Developer's Guide

This page describes the syntax for setting up and running predictions, as well as how to design a prediction model appropriate for your needs. It assumes that you have fulfilled all the prerequisites for Prediction API usage .

Before reading this page, we highly recommend that you try the Hello World example to get a better idea of how the Prediction API works.

Using the API

Here are the main steps in using the Prediction API:

Create your training data. You must create training data that is appropriate for the question that you want to answer. This is the most critical and complex step; you should spend time designing the appropriate training data for your needs. You could also use a pre-trained model from the hosted model gallery and skip right to step 4: sending a prediction query.
Upload your training data to Google Cloud Storage using standard Google Cloud Storage tools.
Train the API against the data. Call the Prediction API training method, passing in the location of your training data. You must poll the Prediction API to see when it is finished training.
Send a prediction query . The Prediction API will return an answer that is either an estimated numeric value, or a categorization of your query object, depending on your training data.
[ Optional ] Send additional data to your model. If you have a steady stream of new training data that you'd like to add to your model, you can add new examples to your existing model individually, instead of uploading all your data at once. This helps improve your model quickly, as new data becomes available.

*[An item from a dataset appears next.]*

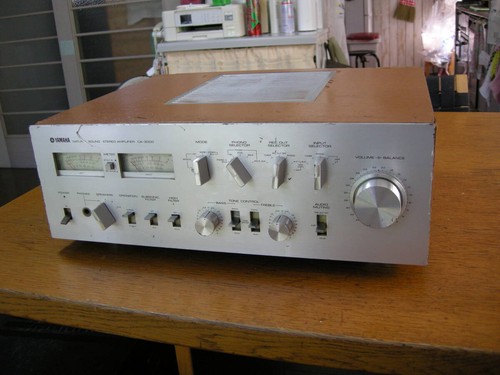 Yamaha 2000 vintage - yamaha, ca-2000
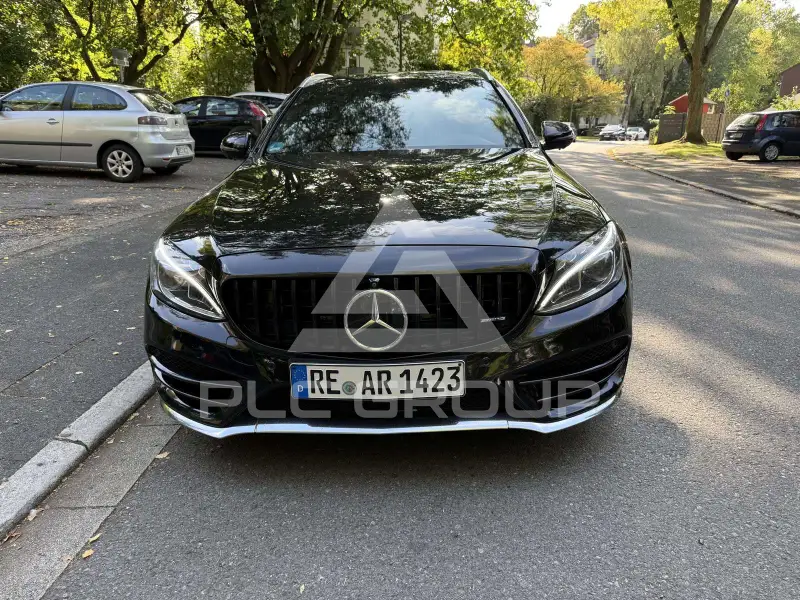 2017 Mercedes Benz C 250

The two most important aspects of using the Prediction API are creating an appropriate question that the API can answer, and then creating and structuring appropriate data to use to train the API to answer that question. In order to do this, let's first explain what prediction is, and how it works.

What is "Prediction?"

The term "prediction" might seem a little misleading, because the Prediction API can actually perform two specific tasks:

Given a new item, predict a numeric value for that item, based on similar valued examples in its training data.
Given a new item, choose a category that describes it best , given a set of similar categorized items in its training data.

It might seem that you couldn't do very much with these two basic capabilities. However, if you design your question well, and choose your data carefully, you can actually use the engine to predict what a user will like or what a future value will be, as well as many other useful tasks.

Examples, Please!

Here are two simple examples of how to use the ability to quantify or categorize an item in order to produce a useful service:

Regression (Numeric) values

Imagine that you have the following training data:

Temperature  City       Day_of_year   Weather
52           "Seattle"  283           "cloudy"
64           "Seattle"  295           "sunny"
60           "Seattle"  287           "partly_cloudy"
...

If you have enough data points, and you sent the query "Seattle,288,sunny", you might get the value 63 back as a temperature estimate, as the Prediction API estimates a value from the most similar conditions. With this system, the Prediction API compares your query to existing examples, and estimates a value for your query, based on closeness to existing examples. Numeric values are calculated, and do not need to match any existing values in the training data.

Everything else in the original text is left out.